══ Supplied data ══
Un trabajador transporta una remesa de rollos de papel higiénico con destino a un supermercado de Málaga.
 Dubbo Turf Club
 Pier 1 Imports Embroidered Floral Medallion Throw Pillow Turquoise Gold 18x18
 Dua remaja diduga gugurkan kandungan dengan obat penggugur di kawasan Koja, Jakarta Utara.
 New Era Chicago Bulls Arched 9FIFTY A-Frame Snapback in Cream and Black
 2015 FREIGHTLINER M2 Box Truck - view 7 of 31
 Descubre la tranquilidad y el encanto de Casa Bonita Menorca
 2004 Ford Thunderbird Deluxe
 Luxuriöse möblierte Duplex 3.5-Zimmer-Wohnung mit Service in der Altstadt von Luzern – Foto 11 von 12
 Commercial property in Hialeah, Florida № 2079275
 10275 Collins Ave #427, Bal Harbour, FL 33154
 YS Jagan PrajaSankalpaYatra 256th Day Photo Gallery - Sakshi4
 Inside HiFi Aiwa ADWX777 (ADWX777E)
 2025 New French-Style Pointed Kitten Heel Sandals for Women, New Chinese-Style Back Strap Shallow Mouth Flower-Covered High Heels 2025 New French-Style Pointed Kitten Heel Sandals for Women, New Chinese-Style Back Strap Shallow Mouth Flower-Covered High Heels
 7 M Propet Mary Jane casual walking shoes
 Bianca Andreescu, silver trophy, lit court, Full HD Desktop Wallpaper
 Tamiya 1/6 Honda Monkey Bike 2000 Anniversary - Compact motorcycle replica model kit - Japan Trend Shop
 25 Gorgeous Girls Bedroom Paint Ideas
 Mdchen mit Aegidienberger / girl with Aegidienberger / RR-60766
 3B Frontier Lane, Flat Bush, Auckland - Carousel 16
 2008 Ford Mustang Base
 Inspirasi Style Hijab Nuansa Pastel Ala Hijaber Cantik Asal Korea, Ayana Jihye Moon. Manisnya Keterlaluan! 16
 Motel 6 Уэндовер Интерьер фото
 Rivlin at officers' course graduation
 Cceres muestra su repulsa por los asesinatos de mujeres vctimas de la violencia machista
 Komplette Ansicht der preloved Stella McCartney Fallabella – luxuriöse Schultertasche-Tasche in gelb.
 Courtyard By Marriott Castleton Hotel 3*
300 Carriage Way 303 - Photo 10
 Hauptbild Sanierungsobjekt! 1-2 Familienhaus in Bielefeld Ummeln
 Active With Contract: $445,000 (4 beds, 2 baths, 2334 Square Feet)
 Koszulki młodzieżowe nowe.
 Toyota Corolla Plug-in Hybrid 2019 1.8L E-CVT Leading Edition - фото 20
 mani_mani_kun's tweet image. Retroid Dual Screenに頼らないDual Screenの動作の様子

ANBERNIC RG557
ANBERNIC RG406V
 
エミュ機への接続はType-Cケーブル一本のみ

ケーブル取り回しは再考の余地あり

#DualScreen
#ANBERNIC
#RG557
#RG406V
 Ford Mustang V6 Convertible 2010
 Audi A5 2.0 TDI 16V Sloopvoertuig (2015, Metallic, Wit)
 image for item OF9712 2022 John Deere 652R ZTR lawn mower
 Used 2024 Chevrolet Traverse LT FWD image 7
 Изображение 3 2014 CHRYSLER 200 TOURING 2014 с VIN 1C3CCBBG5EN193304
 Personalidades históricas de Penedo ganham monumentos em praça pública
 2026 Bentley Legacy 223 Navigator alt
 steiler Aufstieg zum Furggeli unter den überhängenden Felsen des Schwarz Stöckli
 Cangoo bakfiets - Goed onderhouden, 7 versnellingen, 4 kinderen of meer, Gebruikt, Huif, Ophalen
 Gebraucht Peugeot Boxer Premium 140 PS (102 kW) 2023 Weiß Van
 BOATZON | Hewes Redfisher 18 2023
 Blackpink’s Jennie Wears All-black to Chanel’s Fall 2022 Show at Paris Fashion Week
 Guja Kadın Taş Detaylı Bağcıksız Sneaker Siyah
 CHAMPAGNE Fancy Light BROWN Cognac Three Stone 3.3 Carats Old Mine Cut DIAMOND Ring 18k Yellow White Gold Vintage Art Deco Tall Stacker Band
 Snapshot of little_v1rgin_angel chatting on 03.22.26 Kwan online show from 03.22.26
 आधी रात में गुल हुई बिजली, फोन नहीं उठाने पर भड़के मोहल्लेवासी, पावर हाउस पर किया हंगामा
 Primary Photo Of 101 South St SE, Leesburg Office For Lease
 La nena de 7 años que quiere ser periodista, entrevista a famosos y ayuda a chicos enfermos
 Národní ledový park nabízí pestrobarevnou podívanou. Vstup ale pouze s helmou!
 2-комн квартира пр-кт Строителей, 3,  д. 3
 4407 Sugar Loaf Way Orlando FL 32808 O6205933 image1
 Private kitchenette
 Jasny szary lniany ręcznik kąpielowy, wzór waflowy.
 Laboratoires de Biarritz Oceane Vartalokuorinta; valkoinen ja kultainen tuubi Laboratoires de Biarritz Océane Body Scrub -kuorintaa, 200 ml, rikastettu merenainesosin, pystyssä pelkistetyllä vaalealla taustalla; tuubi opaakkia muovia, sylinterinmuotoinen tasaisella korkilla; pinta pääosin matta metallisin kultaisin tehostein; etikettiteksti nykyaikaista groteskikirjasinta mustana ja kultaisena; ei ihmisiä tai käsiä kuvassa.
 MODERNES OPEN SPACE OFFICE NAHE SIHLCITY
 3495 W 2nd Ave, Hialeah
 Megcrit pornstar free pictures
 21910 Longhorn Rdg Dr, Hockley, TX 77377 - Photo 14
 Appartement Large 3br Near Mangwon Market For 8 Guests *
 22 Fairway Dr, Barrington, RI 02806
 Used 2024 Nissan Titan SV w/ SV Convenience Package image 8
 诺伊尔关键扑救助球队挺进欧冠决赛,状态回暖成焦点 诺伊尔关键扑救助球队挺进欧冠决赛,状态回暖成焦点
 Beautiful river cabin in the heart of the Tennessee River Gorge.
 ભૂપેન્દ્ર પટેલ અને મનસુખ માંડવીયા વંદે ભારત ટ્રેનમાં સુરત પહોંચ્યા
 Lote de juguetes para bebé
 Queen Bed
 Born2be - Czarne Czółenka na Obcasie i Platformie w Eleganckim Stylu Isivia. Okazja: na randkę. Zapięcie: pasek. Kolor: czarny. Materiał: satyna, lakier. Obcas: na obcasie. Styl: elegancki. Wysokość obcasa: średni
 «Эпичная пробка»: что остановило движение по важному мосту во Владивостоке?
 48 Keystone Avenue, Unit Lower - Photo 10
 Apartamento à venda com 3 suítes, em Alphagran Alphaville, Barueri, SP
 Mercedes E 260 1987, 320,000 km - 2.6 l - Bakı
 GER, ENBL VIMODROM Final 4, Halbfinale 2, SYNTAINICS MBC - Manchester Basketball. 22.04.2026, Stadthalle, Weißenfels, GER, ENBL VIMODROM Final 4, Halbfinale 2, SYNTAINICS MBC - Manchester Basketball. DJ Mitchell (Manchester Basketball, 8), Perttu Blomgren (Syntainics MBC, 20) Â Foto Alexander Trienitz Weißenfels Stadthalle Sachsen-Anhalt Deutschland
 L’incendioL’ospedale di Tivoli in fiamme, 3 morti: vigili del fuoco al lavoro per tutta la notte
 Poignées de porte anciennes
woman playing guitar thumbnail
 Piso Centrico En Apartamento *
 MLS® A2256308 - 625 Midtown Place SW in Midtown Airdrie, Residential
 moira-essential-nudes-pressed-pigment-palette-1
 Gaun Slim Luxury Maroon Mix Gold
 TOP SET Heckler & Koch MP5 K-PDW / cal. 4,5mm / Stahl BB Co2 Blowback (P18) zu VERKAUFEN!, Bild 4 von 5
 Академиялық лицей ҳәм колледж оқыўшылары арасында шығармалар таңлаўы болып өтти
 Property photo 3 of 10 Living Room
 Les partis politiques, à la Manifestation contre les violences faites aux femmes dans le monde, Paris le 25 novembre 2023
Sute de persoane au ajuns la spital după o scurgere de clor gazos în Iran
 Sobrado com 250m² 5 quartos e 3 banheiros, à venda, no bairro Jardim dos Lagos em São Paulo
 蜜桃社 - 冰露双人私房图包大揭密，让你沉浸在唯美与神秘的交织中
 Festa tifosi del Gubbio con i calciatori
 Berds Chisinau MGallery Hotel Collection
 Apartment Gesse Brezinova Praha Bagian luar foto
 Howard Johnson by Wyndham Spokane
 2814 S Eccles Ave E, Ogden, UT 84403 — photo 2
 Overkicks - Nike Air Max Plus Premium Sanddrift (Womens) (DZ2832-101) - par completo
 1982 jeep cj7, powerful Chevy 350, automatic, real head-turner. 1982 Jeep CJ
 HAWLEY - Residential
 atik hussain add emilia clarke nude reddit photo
═══
Using the records above, copy word for word the line with "Dua remaja diduga", the line with "2015 FREIGHTLINER M2", and every line between them.

 Dua remaja diduga gugurkan kandungan dengan obat penggugur di kawasan Koja, Jakarta Utara.
 New Era Chicago Bulls Arched 9FIFTY A-Frame Snapback in Cream and Black
 2015 FREIGHTLINER M2 Box Truck - view 7 of 31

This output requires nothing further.